Refactoring as a deferral excuse
As a new story is being developed different questions naturally appear about some of the implementation details. It might be around an unclear bit of design or consistency of implementation or performance characteristics. Often, instead of taking time to reflect and discuss the questions with the whole team, some random solution is adopted with a solemn declaration that “we’ll refactor it later”. Well, in my books refactoring is about improving your code’s design while you’re developing some functionality. Of course the refactoring part itself is changing the code’s design without affecting its behaviour, but I feel it should be done as part of the story you’re working on to be able to build new functionality. It’s part of your toolkit and part of what makes you a good developer.

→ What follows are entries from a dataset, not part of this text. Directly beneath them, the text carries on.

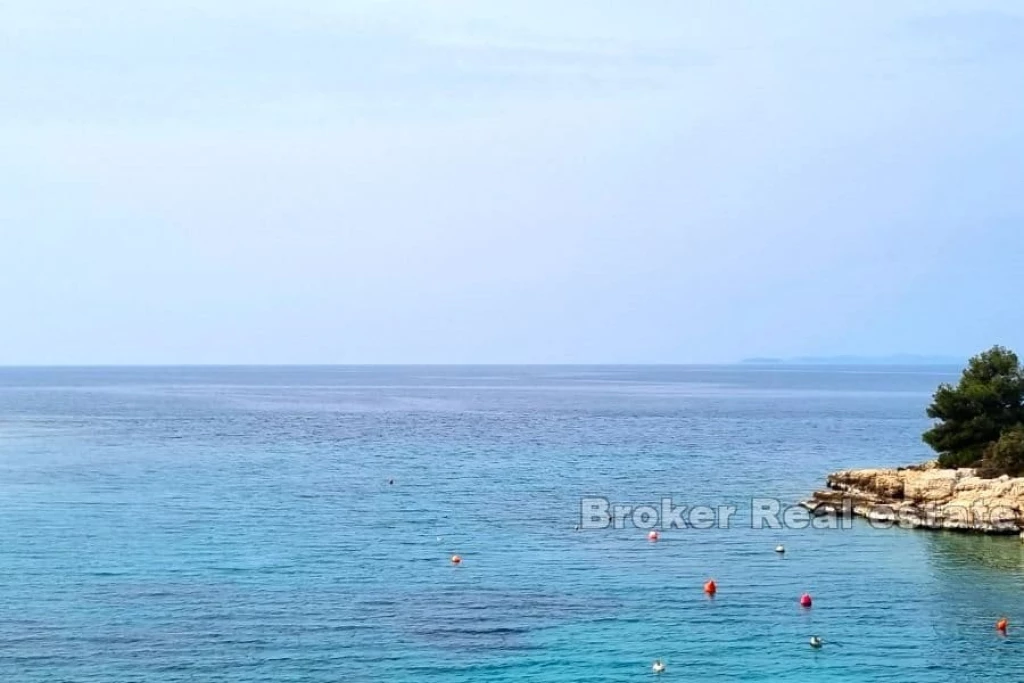 Building plot with project, first row to the sea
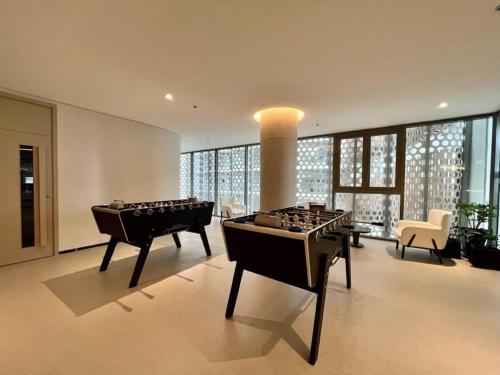 Ein Sitzbereich in der Unterkunft The sóng house vũng tàu Apartment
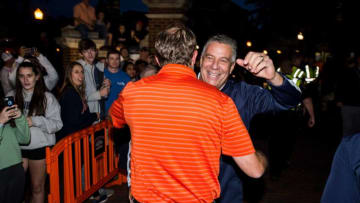 Auburn football coach Gus Malzahn greets Auburn head men's basketball coach Bruce Pearl during the inaugural Auburn basketball Tipoff at Toomer's in Auburn, Ala., on Thursday, Oct. 17, 2019.Jc Tipofftoomers 03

Such clean-up and improvements cannot be left for later.
To be clear, I’m not advocating over-engineering your code or building in performance or security concerns prematurely. I believe it is important to always deliver only “the simples thing that could possibly work”. It’s also fine to change and rewrite your code as you learn more about your system. Only I don’t call this refactoring – I call this iterative development.
Refactoring as an excuse for poor quality
The ability to say: “this will be refactored later” can also create a trap for the developers. It masks lack of knowledge or understanding of the product being build or technology being used. The promised “refactoring” effort never materialises because the development is plodding ahead, features must be delivered, new stories worked on. As time goes on it is not becoming easier to “refactor” but increasingly difficult. We not only don’t learn about the problem we had but slowly forget what it was all about in the first place. By pretending that some magical “refactoring” effort can solve our problems for us in the unspecified future we are compromising the quality of our solution today.